Eine Weimarer CD. Liese Klahn hatte von 2002 bis 2018 als Festivalleiterin der Klassik-Stiftung Weimar ihren Lebensmittelpunkt an der Ilm; dort lebt und arbeitet auch der Naturhornist und Instrumentenbauer Stephan Katte. Zwei Musiker, deren faktische Prominenz nicht im entferntesten an die beeindruckende Qualität und Ausstrahlung ihrer Arbeit ­heranragt, was wiederum dem gegenwärtigen dessen entspricht, was sich hierzulande mit dem Begriff »Klassik« schmückt.

Klahn ist Inspiratorin und tragende Solistin einer neuen Schumann-CD, Katte einer der drei Solisten. Er sei, so das Booklet, einer »der gefragtesten Naturhornspieler«, eine magere Auskunft. Denn Kattes atmend lebendige Spielweise, seine unverdorbene, unpolierte, zugleich hochvirtuose Musikalität sind einzigartig, die Kraft seiner Lippen meistert noch weiteste Intervallsprünge, höchste Lagen organisch. Einer Einleitung ähnelnd, singt sich das in der Mitte der CD platzierte Adagio für Horn und Klavier op. 70 von 1848 auf das zugehörige Allegro hin aus. Das romantische Subjekt, danach schmeckt das Ganze, will statt Distanz und Übersicht Einfühlung, statt Lösung ist ihr nach Auflösung.

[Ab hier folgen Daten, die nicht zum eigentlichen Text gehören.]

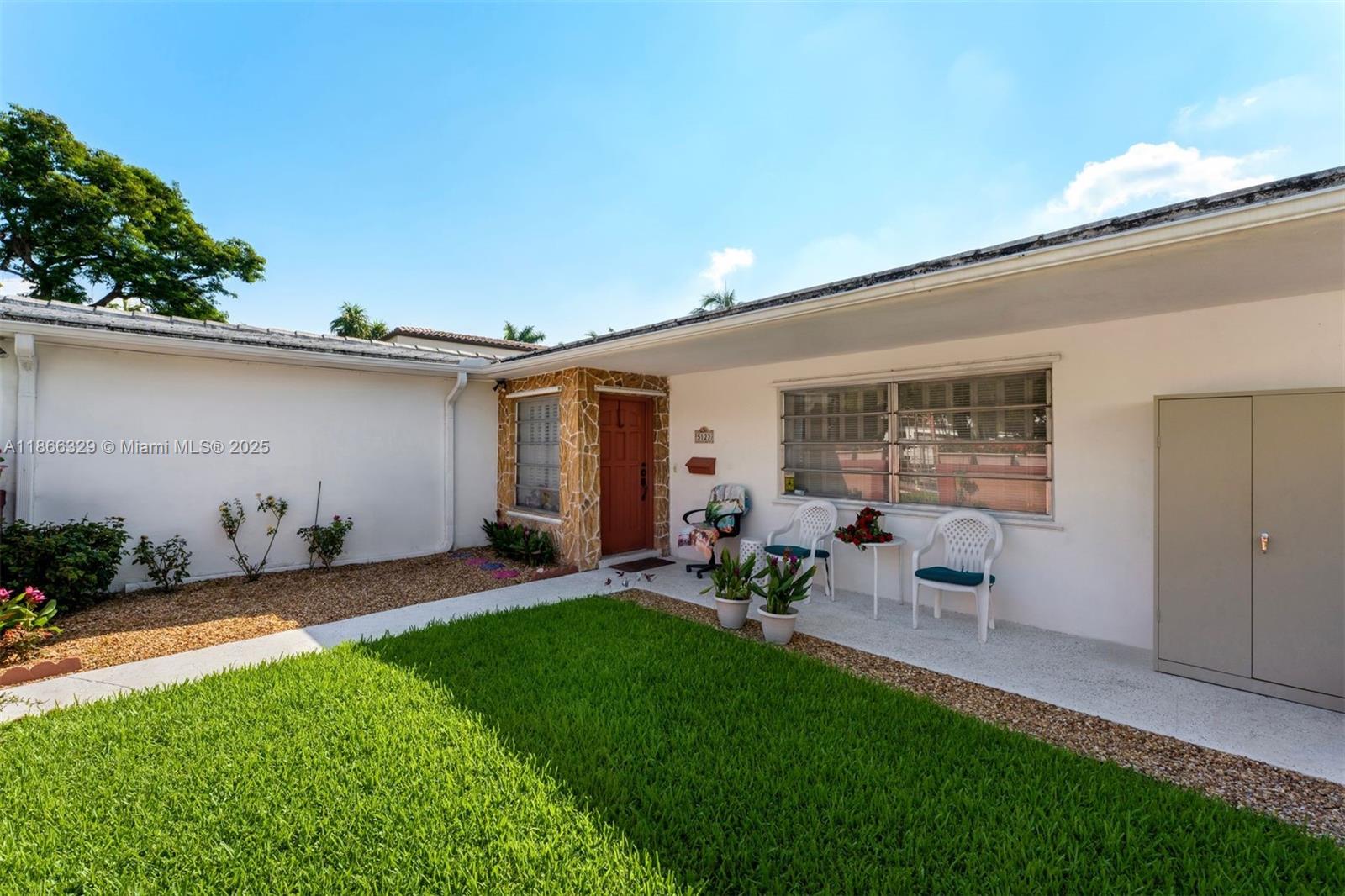 Miami Beach, Florida, 33140, United States, 3 Bedrooms Bedrooms, ,2 BathroomsBathrooms,Residential,For Sale,1934201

Für die neue CD haben sich Klahn und Katte mit dem Bassisten Thomas Stimmel zusammengetan. Liese Klahn entfesselt im einleitenden »Lust und Sturmnacht« fortissimokrachend einen Klaviersturm aus Dissonanz und einer Sorte Wut, die weit über die da komponierten Biedermeierverse Justinus Kerners hinausgehen. Stimmels Bass erzählt, unangestrengt textverständlich und besonders in der Tiefe stimmschön und zurückhaltend treffsicher timbriert, worum es geht. Liese Klahn begleitet nicht demonstrativ und apodiktisch, sie bietet kostbar Offenes an, gibt dem neugierigen Ohr eine Chance.

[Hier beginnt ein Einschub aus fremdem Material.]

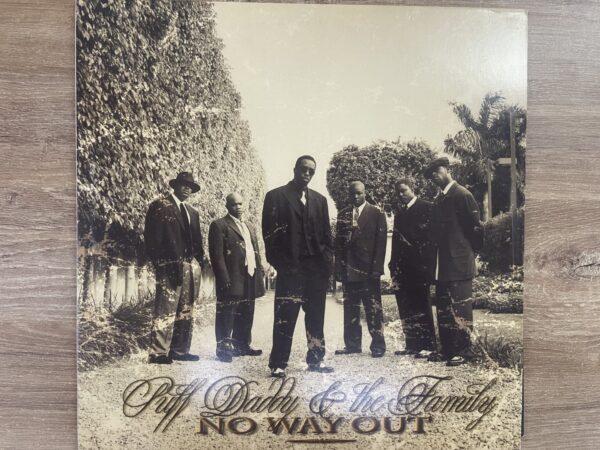 Puff Daddy & The Family - No Way Out (2LP) - Image 2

Bei den zwei Gesangszyklen handelt es sich zunächst um zwölf Lieder Kerners op. 35. Nach dem zentralen Intermezzo des Horns mit dem Klavier erklingt der auf Joseph von Eichendorffs Gedichte komponierte Liederkreis op. 39, entstanden beide in Schumanns »Liederjahr« 1840 – Musik vor dem Hintergrund der Epoche zwischen dem Wiener Kongress und der 1848er Revolution, im letzten Kapitel dieser CD komponiert von Robert Schumann als archetypischem Vertreter dessen, was abendlandweit als musikalische Romantik gilt.

Lise Klahn und Stephan Katte im Schloss Belvedere in Weimar

Bis hinein in die Umgangssprache der Gegenwart ist das Romantische der dem Alltag abgetrotzte Bezirk des Gefühligen. Er ist schon äußerlich an Kulissen kenntlich wie der des Monds unter Palmen oder einer Liebesnacht in der herzförmigen Wanne eines Fünfsternehotel-Hochzeitszimmers (selbst erlebt, nur leider allein). Kunst- und musikgeschichtlich sind »romantische« Phasen die das Hergebrachte oft innovativ dekonstruierenden Reaktionen der Kunst auf geschichtliche Katastrophen, ein sich durch die Jahrhunderte ziehender Expressionismus.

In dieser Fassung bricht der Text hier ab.